Restate word for word the entries below, starting at the line with "Bright mesh network" and ending at the line with "Dymatize ISO 100". Keep both end lines and omit the pictures.

> **Material shown**:
━━━━━━━━━━
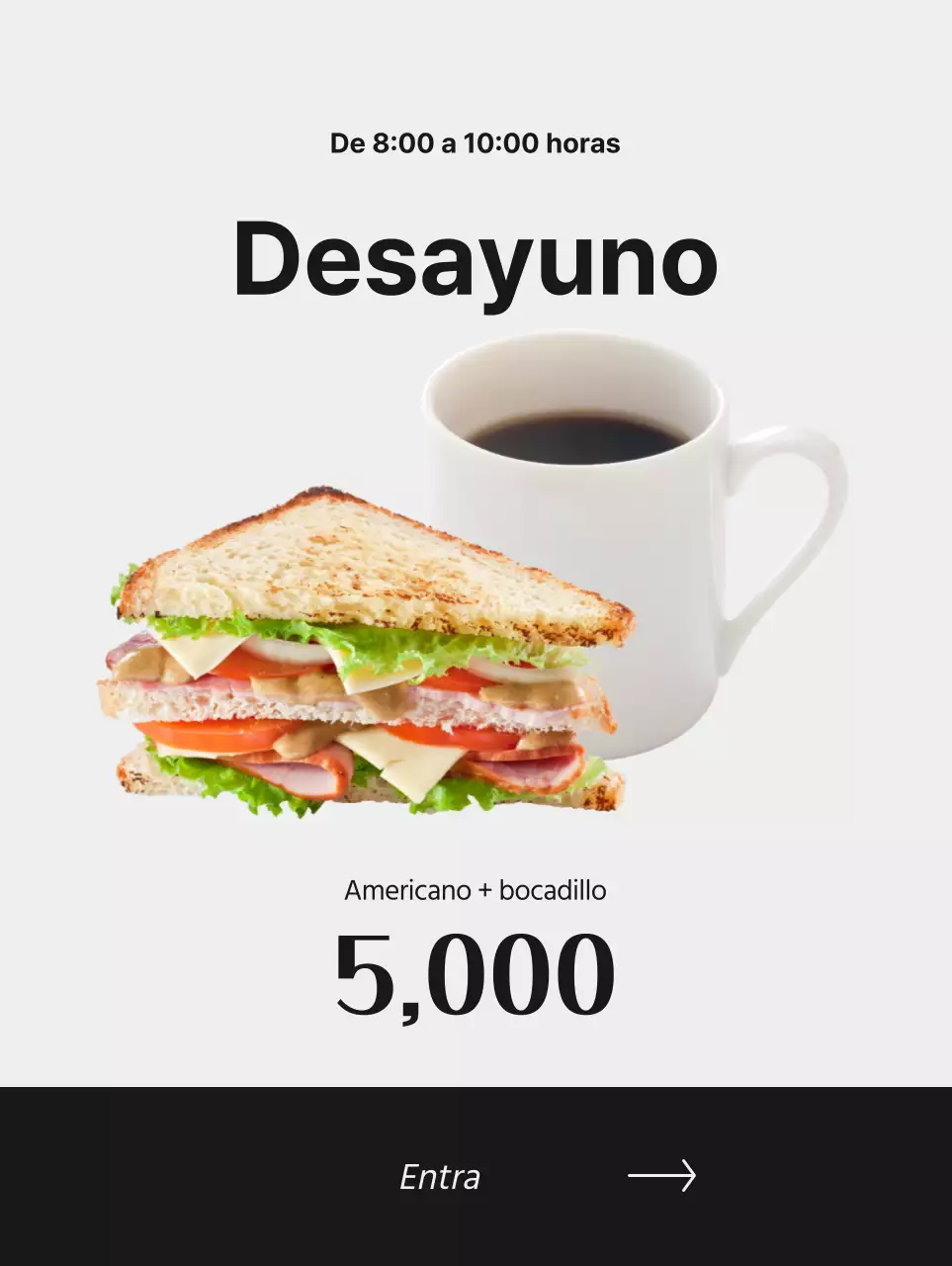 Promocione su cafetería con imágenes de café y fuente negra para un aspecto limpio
━━━━━━━━━━
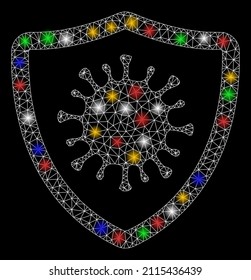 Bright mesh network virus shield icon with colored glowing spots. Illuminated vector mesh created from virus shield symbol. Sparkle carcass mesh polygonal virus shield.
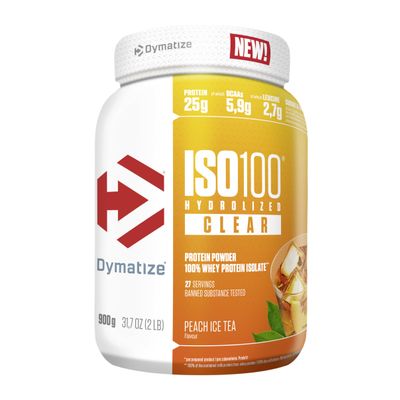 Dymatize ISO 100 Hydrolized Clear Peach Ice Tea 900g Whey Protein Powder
━━━━━━━━━━
> **The answer**:
 Bright mesh network virus shield icon with colored glowing spots. Illuminated vector mesh created from virus shield symbol. Sparkle carcass mesh polygonal virus shield.
 Dymatize ISO 100 Hydrolized Clear Peach Ice Tea 900g Whey Protein Powder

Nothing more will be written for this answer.